Dus toen maar de bergen in en daar was het uitzicht op de Bodensee zo mooi dat ik er een paar dagen gebleven ben. Ook om de voetbalwedstrijden te kunnen zien, want ik ontdekte dat ik op m’n navigatiesysteem ook tv kan kijken, dus gelukkig heb ik Nederland kunnen zien winnen.
En waar je in Frankrijk moest zoeken naar een vlaggetje, rijden ze hier in Duitsland bijna allemaal met opgetuigde auto’s. Het kan niet op: vlaggetjes uit het raam, buitenspiegels, portieren en motorkappen bekleed met de Duitse vlag. Ik ben benieuwd hoe dat er in Holland uit ziet.
En nu sta ik op een camperplaats in de buurt van Heidelberg.
Na Heidelberg ben ik richting Wertheim gereden.
Daar stonden ooit 2 mannen met witte vlaggen te zwaaien en zo voorkwamen ze dat de stad werd gebombardeerd.
In Dresden was daar geen beginnen meer aan: daar gooiden de Amerikanen een paar bommen op, zodat 35000 mensen het niet meer na kunnen vertellen.
Maar ziedaar de veerkracht van de overlevenden: steen voor steen hebben ze Dresden weer opgebouwd en in originele staat teruggebracht. En met een prachtig resultaat. Zodra je de stad binnenrijdt, lijkt het alsof je 300 jaar teruggaat in de tijd. Geen winkelcentra of ander overbodig gedoe.
Alleen de historie telt hier.
En ondanks dat er veel vernielingen zijn aangericht, heeft men wonderbaarlijk genoeg veel kunstschatten weten te bewaren.
Dingen die een mens niet mee kan nemen na z’n dood en waar wij nu onze ogen bij uitkijken.
Toen Berlijn. Fascinerend. Maar het meest was ik onder de indruk van het Holocaust monument. Het geeft zo goed weer hoe uitzichtloos het leven voor de Joden is geweest destijds.
Maar Berlijn is ook swingend. Veel jonge mensen zie je er en de stad is na de Wende nog steeds in renovatie.
Ik had voor 2 dagen een zogenaamde ‘Walking Tour‘ geboekt en dat heb ik geweten! Kilometers heb ik gelopen, maar het was absoluut de moeite waard.
Je kunt je tijdens een dergelijke tour heel goed voorstellen hoe moeilijk het voor de Berlijners is geweest al die jaren dat de muur Oost en West gescheiden hield.
En dat terwijl het in de 20er jaren een ‘place to be’ moet zijn geweest.
Maar in de tijd dat de Stasi daar de dienst uitmaakte zeker niet. Op mijn vraag aan de gids wat er met de Stasi’s is gebeurd na de Wende zei hij dat het verhaal gaat dat ze taxichauffeur zijn geworden vanwege hun goede kennis van de stad….
Tja, de historie.

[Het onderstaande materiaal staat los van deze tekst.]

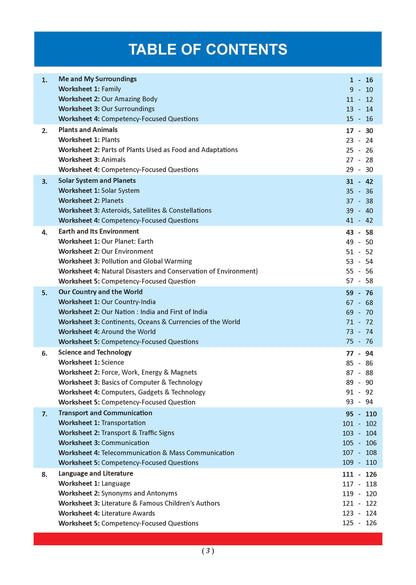 One for All Workbook Class 3 General Knowledge | 50+ Concept-wise Perforated Worksheets | NEP 2020 & NCF 2023 Aligned | For CBSE & State Boards | Builds Concept Clarity & Scientific Skills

Ook heel goed te vinden in Potsdam.
Schitterende tuinen, paleizen en een hele straat Hollandse huisjes. Gesponsord door ons Koningshuis en daardoor weer helemaal in oude staat teruggebracht.
Sachsenhausen: indrukwekkend maar tegelijkertijd een afschuwelijke plek. Wat een verdriet en pijn liggen daar.
Toen ik er even op een bankje zat zag ik een vrouw bezig lege plastic flessen uit de vuilnisbak te halen. Hier in Duitsland zit daar namelijk ook statiegeld op. Niet in verhouding met wat ik net gezien had, maar toch weer klein leed.
Daarna maar weer snel de natuur in en aan de Oostzee alle geschiedenis m’n hoofd uit laten blazen. Het is de tweede keer dat ik op de eilanden Rugen en Usedom ben en weer geniet ik van de mooie natuur hier.
Schone stranden, leuke dorpjes, gezellige boulevards en op elke hoek van de straat een ijssalon. Ik wist niet dat de Duitsers zo gek op ijs zijn.
En natuurlijk hebben zij en ik getreurd over het feit dat Nederland de finale niet heeft gehaald. De meeste Duitsers die ik heb gesproken vonden het heel jammer dat de “Traumfinale” niet doorging. Maar gelukkig is het al met al toch geen ‘traumafinale’ voor ons geworden.
Deze maand blijf ik nog een beetje aan de Oostzee zwerven, daarna weer terug naar Holland.